Segment Start: Study material

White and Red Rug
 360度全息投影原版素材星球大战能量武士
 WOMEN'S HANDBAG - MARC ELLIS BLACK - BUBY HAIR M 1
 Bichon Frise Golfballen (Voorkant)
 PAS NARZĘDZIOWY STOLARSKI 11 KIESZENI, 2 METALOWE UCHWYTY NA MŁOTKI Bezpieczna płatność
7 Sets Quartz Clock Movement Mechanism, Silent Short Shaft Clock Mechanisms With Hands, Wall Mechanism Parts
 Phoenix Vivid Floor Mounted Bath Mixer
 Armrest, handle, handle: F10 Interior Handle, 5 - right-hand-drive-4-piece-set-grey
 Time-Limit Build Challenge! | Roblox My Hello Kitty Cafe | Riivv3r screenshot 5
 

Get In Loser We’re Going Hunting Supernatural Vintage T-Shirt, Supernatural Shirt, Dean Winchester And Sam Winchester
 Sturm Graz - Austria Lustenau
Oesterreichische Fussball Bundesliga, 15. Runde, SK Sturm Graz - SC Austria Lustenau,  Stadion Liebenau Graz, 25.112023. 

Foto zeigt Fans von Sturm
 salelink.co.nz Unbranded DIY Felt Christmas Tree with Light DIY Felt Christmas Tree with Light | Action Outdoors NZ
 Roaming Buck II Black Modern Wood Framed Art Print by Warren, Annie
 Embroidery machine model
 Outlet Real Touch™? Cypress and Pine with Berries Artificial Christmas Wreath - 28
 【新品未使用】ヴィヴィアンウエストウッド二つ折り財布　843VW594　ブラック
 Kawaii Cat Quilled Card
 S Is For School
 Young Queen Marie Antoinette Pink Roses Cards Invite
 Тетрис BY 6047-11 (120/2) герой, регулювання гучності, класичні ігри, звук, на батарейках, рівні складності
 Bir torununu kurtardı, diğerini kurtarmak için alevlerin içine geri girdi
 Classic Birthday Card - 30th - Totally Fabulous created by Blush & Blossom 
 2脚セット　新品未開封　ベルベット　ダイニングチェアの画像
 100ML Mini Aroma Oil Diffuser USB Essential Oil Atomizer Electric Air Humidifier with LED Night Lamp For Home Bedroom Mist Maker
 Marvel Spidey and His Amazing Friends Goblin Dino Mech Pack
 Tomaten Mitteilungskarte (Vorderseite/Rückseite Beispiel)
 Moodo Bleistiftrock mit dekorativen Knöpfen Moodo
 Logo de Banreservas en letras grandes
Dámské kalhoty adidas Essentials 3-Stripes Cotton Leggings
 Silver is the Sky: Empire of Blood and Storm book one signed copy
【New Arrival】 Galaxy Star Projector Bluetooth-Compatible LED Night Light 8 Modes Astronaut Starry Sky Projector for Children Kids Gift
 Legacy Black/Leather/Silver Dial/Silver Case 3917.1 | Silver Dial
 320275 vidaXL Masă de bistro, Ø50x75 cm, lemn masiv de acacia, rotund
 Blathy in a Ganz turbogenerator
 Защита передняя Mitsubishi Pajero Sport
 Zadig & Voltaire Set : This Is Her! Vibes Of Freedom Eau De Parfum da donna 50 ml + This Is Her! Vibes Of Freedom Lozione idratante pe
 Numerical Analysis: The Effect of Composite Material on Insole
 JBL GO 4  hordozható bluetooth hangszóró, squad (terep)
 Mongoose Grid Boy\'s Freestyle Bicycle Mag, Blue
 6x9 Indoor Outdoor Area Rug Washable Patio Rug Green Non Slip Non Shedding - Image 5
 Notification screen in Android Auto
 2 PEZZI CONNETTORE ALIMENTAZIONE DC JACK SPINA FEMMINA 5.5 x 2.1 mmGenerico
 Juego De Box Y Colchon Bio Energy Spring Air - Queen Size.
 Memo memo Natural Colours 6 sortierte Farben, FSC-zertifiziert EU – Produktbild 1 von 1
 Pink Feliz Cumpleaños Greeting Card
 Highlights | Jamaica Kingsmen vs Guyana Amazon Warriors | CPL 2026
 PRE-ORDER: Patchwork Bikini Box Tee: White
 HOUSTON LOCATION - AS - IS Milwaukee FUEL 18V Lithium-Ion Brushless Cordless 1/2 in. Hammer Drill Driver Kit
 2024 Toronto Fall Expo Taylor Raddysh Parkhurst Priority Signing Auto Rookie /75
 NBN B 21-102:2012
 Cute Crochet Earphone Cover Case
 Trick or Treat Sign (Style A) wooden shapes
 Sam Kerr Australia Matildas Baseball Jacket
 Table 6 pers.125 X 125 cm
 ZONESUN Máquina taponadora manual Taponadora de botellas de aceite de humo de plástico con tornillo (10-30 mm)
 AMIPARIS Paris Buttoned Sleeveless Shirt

Segment End: Study material

Task item: From the data above, copy each line where the string "Graz" appears.

Expected answer:
 Sturm Graz - Austria Lustenau
Oesterreichische Fussball Bundesliga, 15. Runde, SK Sturm Graz - SC Austria Lustenau,  Stadion Liebenau Graz, 25.112023. 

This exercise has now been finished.